Court Slaps PUL Elections with ‘Injunction’


Activities marking the second tri-annual congress of the Press Union of Liberia (PUL) were interrupted on Saturday, November 9th, after the Civil Law Court at the Temple of Justice, issued a writ of injunction on the union’s leadership.

The Buchanan congress was held under the theme, “Standing for Press Freedom and Professional Journalism.”

An injunction is a writ granted by a court of equity whereby one is required to do or refrain from doing a specified act.

As in the case of the PUL elections, slated for Saturday in Buchanan, Grand Bassa County, the court acted upon the receipt of the judge’s orders whereby two members of the Union, who had been disqualified by the PUL elections committee, requested the Civil Law Court to put off the elections until the matter had been properly looked into by the Court.

Messrs W. Omecee Johnson, vice presidential candidate and J. Cholo Brooks, presidential candidate of the PUL, petitioned the court for a declarative judgment against the president of the PUL, Peter Quaqua, Prof. James Wolo, chairman, PUL 2013 Elections Commission, and the Commission’s members, Misses Elsie A. Zokar, secretary, and Wede Williams, Sam O. Dean and Mr.  Lewis T. Togbah, Sr. 

The PUL stated that Messrs Johnson and Brooks had been  disqualified based on Article 4, Section 1 of the PUL constitution, which says full membership of the PUL shall be granted to Liberian Journalists who hold degree (s) in Journalism or Mass Communications from a recognized institution of higher learning and have practiced journalism for two years.

Under this constitutional clause, PUL Elections officials argued that Mr.

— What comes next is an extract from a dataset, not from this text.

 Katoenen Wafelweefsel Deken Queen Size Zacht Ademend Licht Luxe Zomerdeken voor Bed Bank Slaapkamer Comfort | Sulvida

Brooks had submitted  questionable academic credentials, while Mr. Johnson had reportedly not practiced as a journalist with any media house in the country.

 The two disqualified candidates, however, petitioned the court that Section 43.2 of the Civil Procedure Law captioned “Construction of Writings and Statutes” provides that, “Any person interested under a deed, will, contract, or other writings constituting a contract, or whose rights, status, or other legal relations are affected by a statute…..may have determined, any question of construction or validity arising under the instrument, statute or other relation thereafter, etc.”

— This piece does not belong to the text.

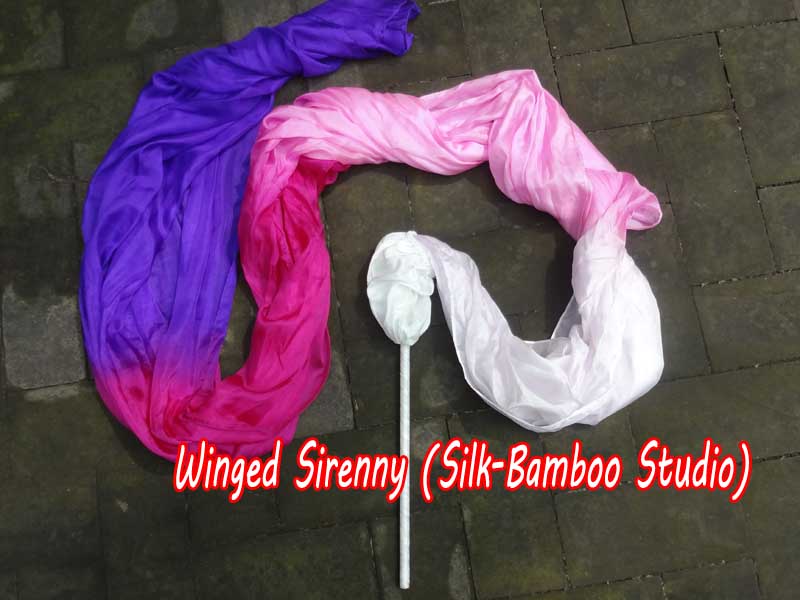 1 piece 2.5m (98") white-light pink-pink-purple worship silk throw streamer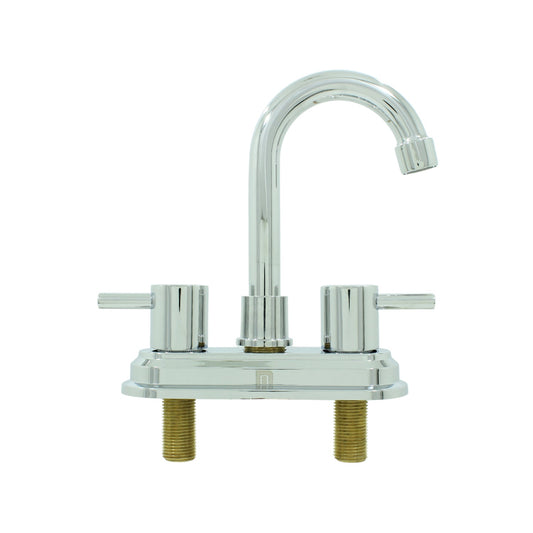 Mezcladora para lavabo cromada, bimando, con manijas de palanca y cuello alto curvo para baño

 Also, the petitioners, as members of the PUL, said they are in good-standing as evidenced by their preliminary qualification by the Union’s Elections Commission to contest for the positions of vice president and president.

The two men further argued that the PUL—under the leadership of the chairman and members of PUL’s Elections Committee—without any cause, disqualified petitioners and denied the exercise of their rights to contest, purporting to rely on the PUL Revised Constitution and By-Laws, adopted October 10, 2009. In so doing, the Union, through its officers, sought to disenfranchise them of their rights to contest the above-mentioned positions.

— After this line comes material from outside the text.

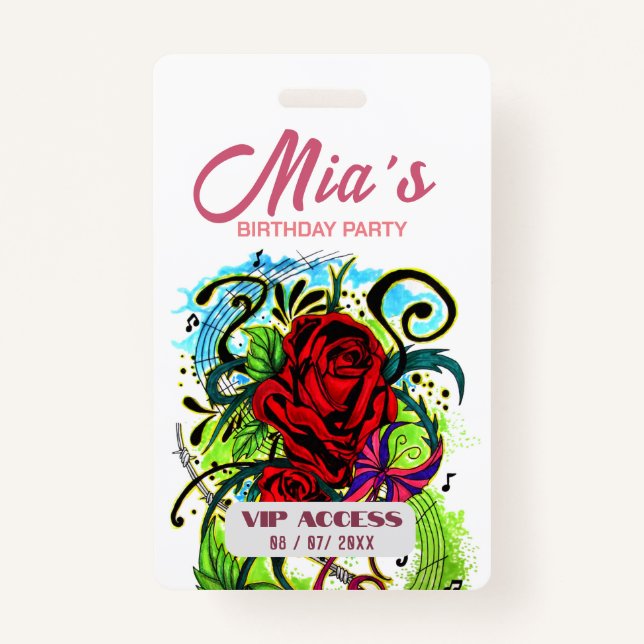 Birthday Party VIP Access Badge ID Badge (Back)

 The case is yet to be assigned for hearing, but Mr. Quaqua has announced that he would consult the PUL legal team on the way forward.

“We will ensure that the case is legally fought, as we are not deterred by any threats or intimidation from any quarter whatsoever.”


The drama erupted at around 10 a.m. when the proceedings at the Buchanan Fair Grounds were disrupted following the emergence of the bailiff from the court, who entered the meeting hall unannounced to serve the writ.

Before, the bailiff or the court sheriff could enter the main hall; Mr. Quaqua had announced the cancellation of all other proceedings, urging the delegates assembled to go ahead with the elections of officers for the next three years. 

The appearance of the bailiff was welcomed with mixed reactions from members and officials of the Union; some had opted for a debate before the conduct of the elections, while others agreed with Mr. Quaqua’s suggestion to speed up the elections before the writ could be served.

However, the writ was served on the respondents and a return made to the Court.